MTV81 FEATURE: RE:IDOL PARADE Was All About the Vibes
By: Patrick Macias
If you aren’t already someone possessed of a mind flexible enough to process Japanese idol performers, idol music and their fans, then the recent spectacle known as RE:IDOL PARADE (held Sat/13 at Daikanyama LOOP as part of THE BIG PARADE) might not have offered any big breakthroughs.
After all, when faced with the stark reality of a room full of male fans singing and dancing along with nine different groupsof young female performers on stage, it is easy to make a lot of hasty (and many times incorrect) assumptions about what they think is going on.
Maybe that’s why, as someone who regularly finds himself at idol events in Tokyo (either for fun or on assignment), I try and navigate the headspace from the perspective of a visitor from another planet – another dimension even – where moral judgments do not, and cannot, apply. Taken from this angle, an event like RE:IDOL PARADE is all about energy, specifically energy transference. The performers hype up the audience, who then broadcast the vibe back to the stage. A circuit is formed, and a heightened state of being results. No, really. Trust me on this.
If the only way you’ve experienced idol culture is through music videos or still images, that’s not the whole story. It’s only in the act of live performance – singing and dancing – that the full power is revealed via song and dance.
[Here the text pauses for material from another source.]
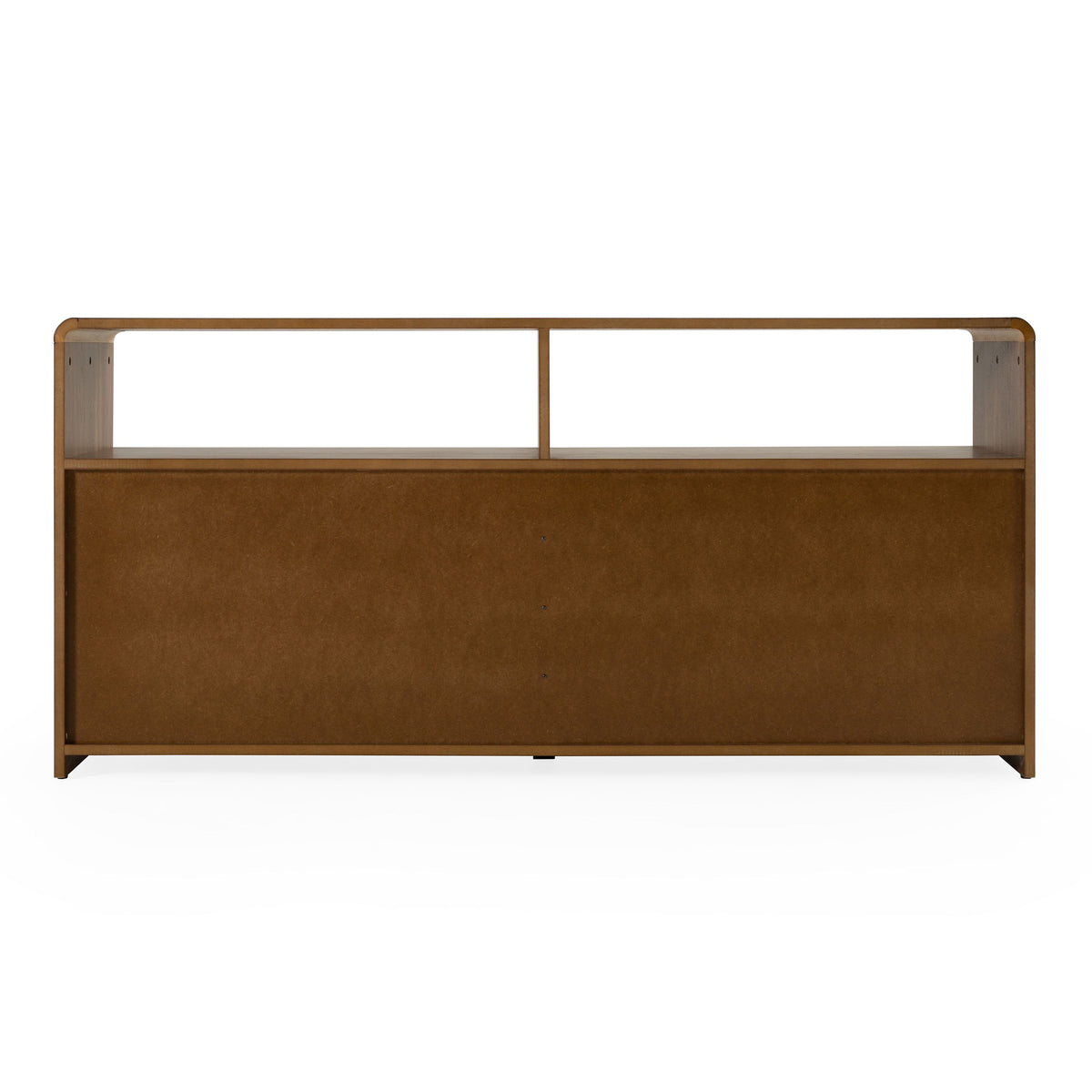 Burlap and Walnut Dresser, Modern Dresser with Open Shelves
Do you really need someone to explain song and dance to you? Because that’s what idol events like RE:IDOL PARADE really come down to, regardless of age or gender. The big variable is the angle of attack. Will the next act to hit the stage be an EDM idol? A three girl rumba? A solo act? An entire troupe of intrepid performers in double digits? The three-and-a half -hour presentation that was RE:IDOL PARADE hedged bets by offering a bit of all of the above…
[Left] DaisukI / [Right] Negaigoto
First up on the official bill was DaisukI, three girls who struck the stage at what seemed like 200 miles per hour, and then sustained that level of engagement for three songs. They went wild; the audience went wild in return, and on and on it went.
Up next were four girls in black dresses known as Negaigoto.Looking back on my notes later, I didn’t register much about them except for the word, “wild dancing,” which may not say much for their singing chops or musical prowess, but things could have been a lot worse (i.e. imagine a world without “wild dancing”).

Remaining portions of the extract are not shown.